(PROVIDED DATA)
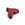Perlen Einzelhandel Walschwanz-Anhänger, geschnitzter roter Jaspis 15x13mm - Loch: 1mm (1)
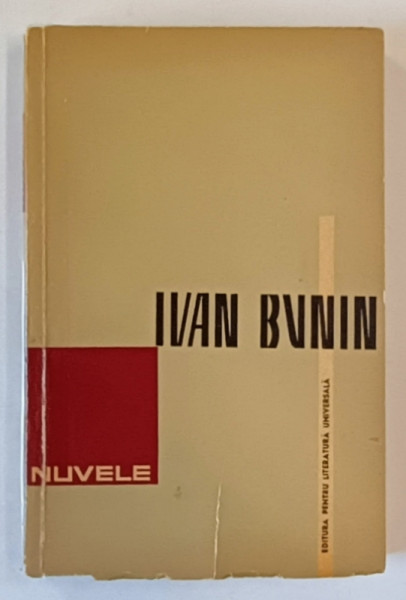 NUVELE de IVAN BUNIN , 1962, COPERTA CU DEFECTE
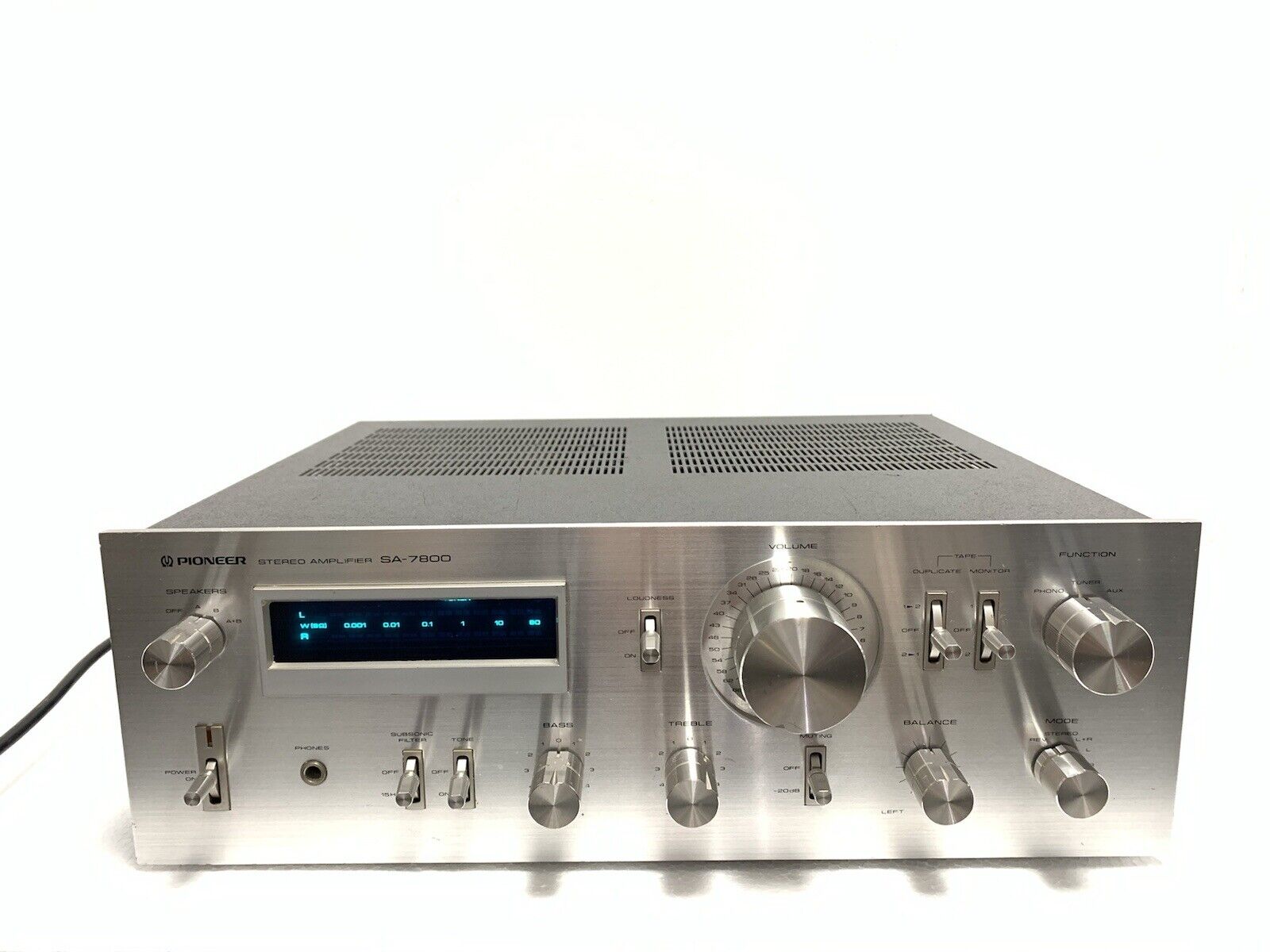 PIONEER SA-7800 Stereo Amplifier 130 Watts RMS Blue Line Vintage 1979 Good Look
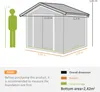 Outsunny Gerätehaus mit Bodenrahmen Geräteschuppen Produktbild-Vorschau 9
(End PROVIDED DATA)
#### [REQUIREMENT]
Starting at the line that contains "NUVELE de IVAN", please write out each line through the last line of the data, both ends included, and keep pictures out of the copy.

#### [ANSWER BOX]
 NUVELE de IVAN BUNIN , 1962, COPERTA CU DEFECTE
 PIONEER SA-7800 Stereo Amplifier 130 Watts RMS Blue Line Vintage 1979 Good Look
 Outsunny Gerätehaus mit Bodenrahmen Geräteschuppen Produktbild-Vorschau 9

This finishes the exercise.